Керстен всегда знал, как лучше всего использовать Гиммлера себе на пользу, и умел выходить сухим из воды. Обычно вокруг него возникала большая путаница, так что невозможно был понять, что происходит. Но без поддержки Гиммлера Кальтенбруннер и Мюллер добились бы его гибели и гибели Лангбена в 1943 г. или самое позднее в 1944-м.
Но вернемся в тот августовский вечер 1942 г. После долгого разговора я был совершенно уверен, что Керстен не только согласился с моими идеями в отношении компромиссного мира, но и с воодушевлением их воспринял. Он полностью поддержал мои планы и согласился использовать все свое влияние на Гиммлера, чтобы подготовить для меня пути. Он уверил меня, что я могу пройти долгий путь с Гиммлером, который был обо мне высокого мнения! Наконец у моих планов появился первый активный сторонник.
Затем Керстен начал рассказывать мне о своих собственных затруднениях. Ему нужна была защита от враждебно настроенного к нему Мюллера, и я пообещал ему свою помощь. Когда я рано утром лег в постель, я не мог заснуть. Снова и снова мои мысли возвращались к вопросу о том, как убедить Гиммлера в правильности моих идей.

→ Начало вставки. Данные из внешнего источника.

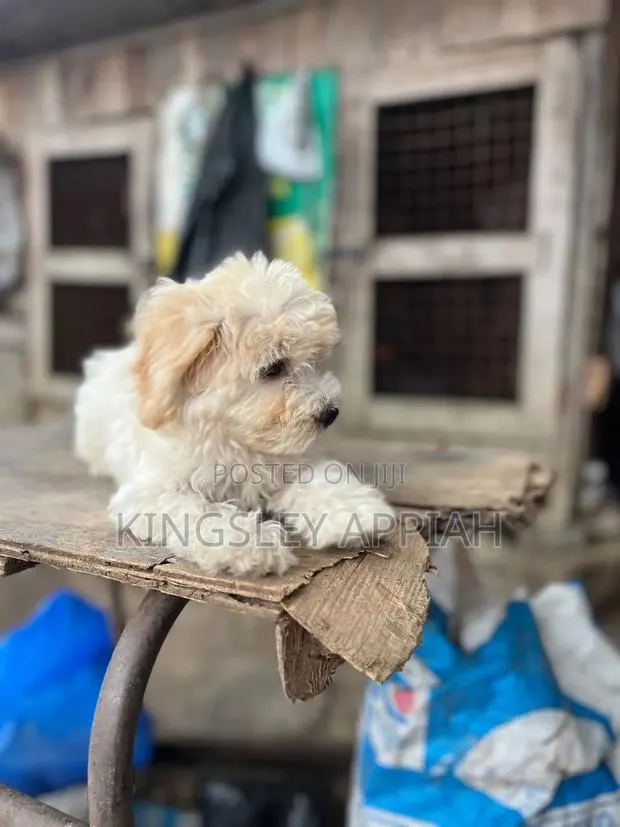 1-3 months Female Purebred Poodle · Photo 1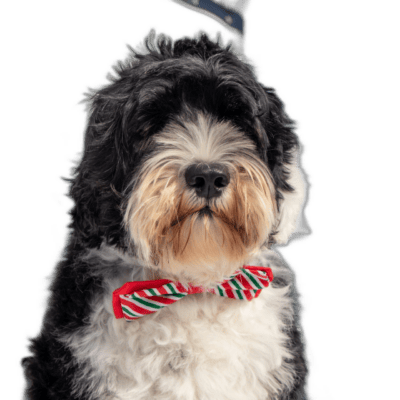 Portuguese Water Dog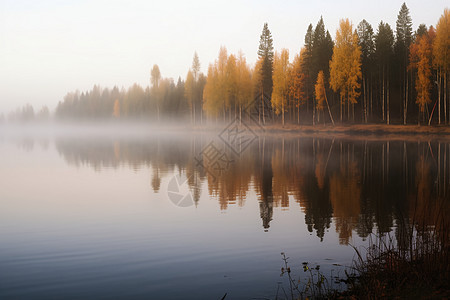 迷雾缭绕的湖泊图片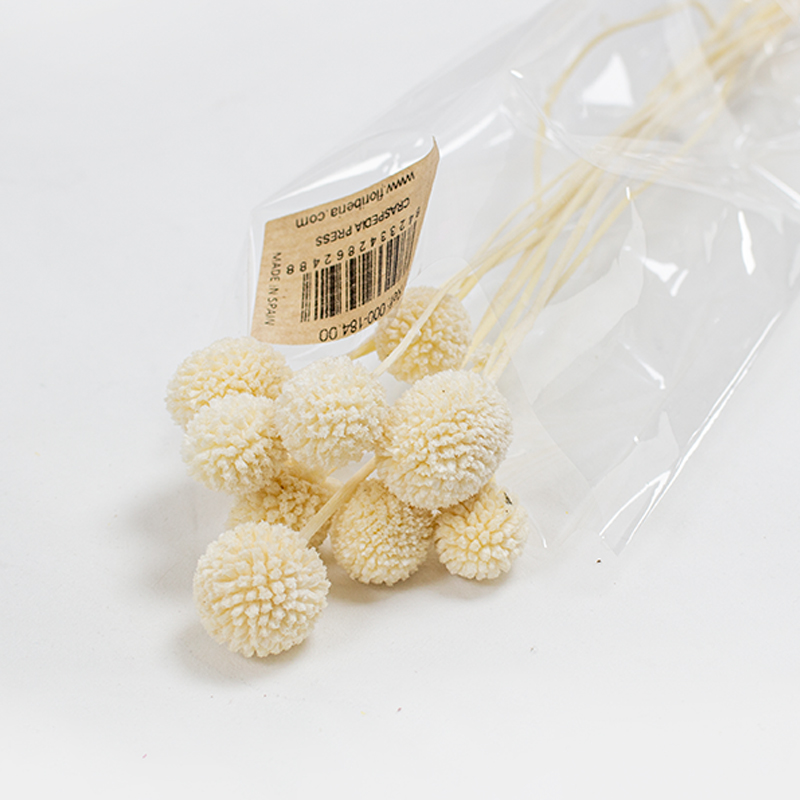 Craspédia - 50cm - 10pcs Branqueado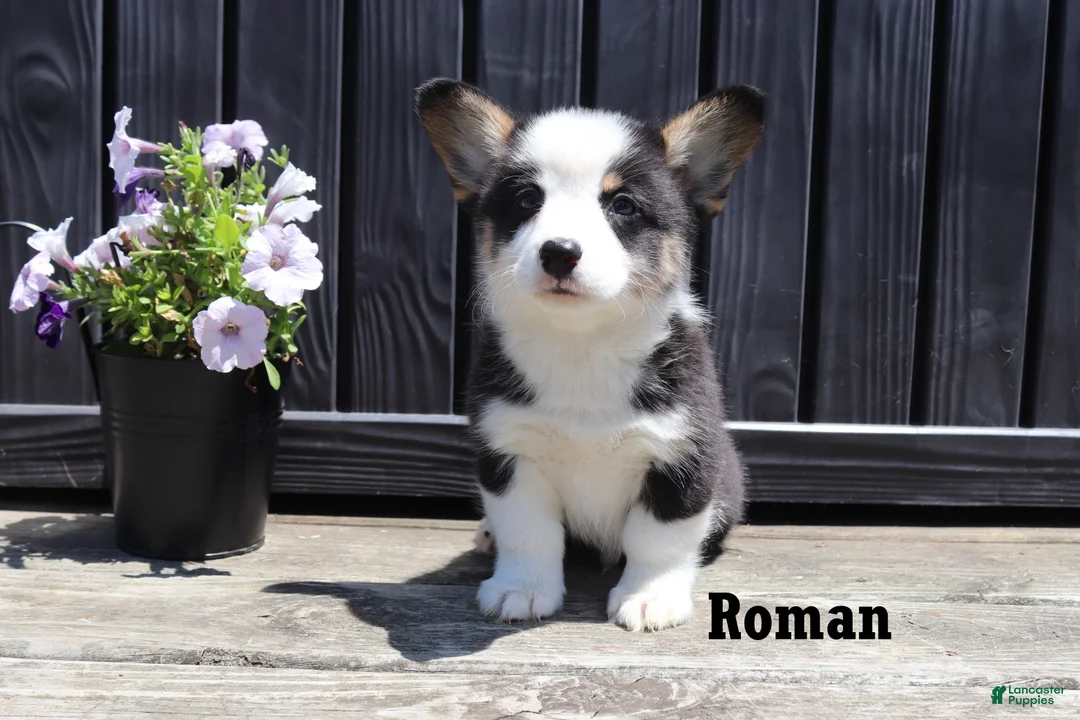 Welsh Corgi Pembroke dogs for sale: Rory - Ad 6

На следующее утро я был неожиданно вызван к Гиммлеру. Он планировал поехать в Винницу и перед отъездом хотел, чтобы я проинформировал его о текущем состоянии китайско-японских переговоров о компромиссе. Это заняло все утро. Я уже почти закончил свое краткое изложение вопроса, когда Гиммлер вдруг изменил тему разговора, сказал, что он рад, что я подружился с Керстеном, и попросил меня исправить и мои отношения с Лангбеном.
Мне показалось, что настал момент изложить ему то, что занимало все мои мысли. Гиммлер, вероятно, заметил, что мои мысли чем-то заняты, потому что он внезапно сказал: «Вы такой серьезный — вы себя плохо чувствуете?»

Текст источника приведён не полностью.